An estimated 4 or 5 million birds die each year in the United States from flying into communications towers, says study lead author Joelle Gehring, though some estimates range as high as 50 million birds a year.
Migratory songbirds are the most common victims of tower collisions, with most run-ins occurring at night. Scientists suspect that migratory birds use stellar constellations and other light cues to navigate.
If the animals encounter other lights along their journey, they can become easily confused, especially if fog, clouds or rain push them down to lower altitudes and obstruct their view of the stars.
Confused birds often circle illuminated towers before ramming into them or the wires that connect them to the ground.
The structures are lit at night so that pilots can avoid them.
"We knew these towers were involved in collisions for decades," says Gehring, a conservation scientist at the Michigan Natural Features Inventory in Lansing. "But we never dove into why and how we could prevent it."
Gehring and colleagues happened upon the perfect natural experiment. The Michigan state police maintain a network of communication towers that were built around the same time and are all equipped with the same lighting systems.
The police department agreed to give the researchers full access to the towers, including the ability to adjust the way the lights glowed at night.
The scientists randomly selected 21 towers around the state. All of the towers were about 140 metres tall.

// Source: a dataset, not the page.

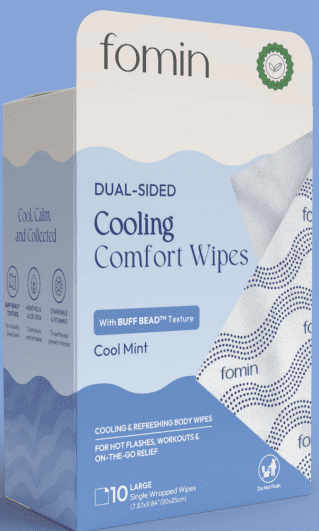 Fomin Dual-Sided Cooling Comfort Wipes, Cool Mint, 10 Count XL Individually Wrapped Body Wipes, Refreshing Wipes for Hot Flashes Perfect for Workouts & On-the-Go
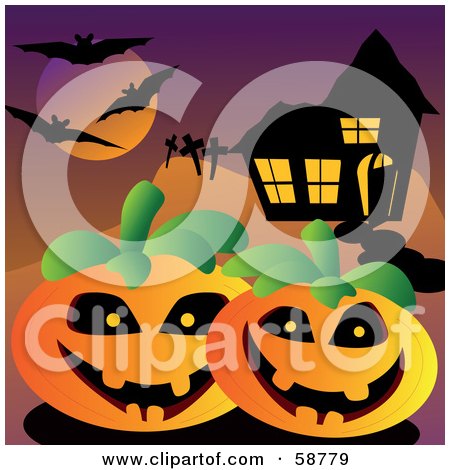 Royalty-Free (RF) Clipart Illustration of Silhouetted Bats Flying Over A Cemetery And Halloween Pumpkins By A Spooky House by kaycee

Each was assigned to one of four lighting scenarios: Blinking white lights; blinking red lights; red lights that alternate between bright and dim without ever shutting off completely; and steady-burning red lights that don't blink at all.
For 20 days, a network of researchers and volunteers walked around each tower at the same time every morning, picking up bird carcasses and sending them to Gehring for counting and analysis.
The final tally revealed that the type of lighting used had a huge impact on bird deaths.
"Those towers that had steady-burning red lights had significantly more collisions than all of the other three combined," says Gehring. "We could reduce avian collisions by as much as 70%, just by turning off those steady-burning lights."
For now, the US Federal Aviation Administration approves only steady-burning reds and blinking whites. But those policies are outdated, says Gehring, and the FAA is planning to reassess the safety of other scenarios.
It would be not only easy and cheap to switch steady reds over to blinking reds, she says, the change would also save energy and reduce maintenance costs.
"If the FAA deems it safe," says Gehring, "that's a win-win."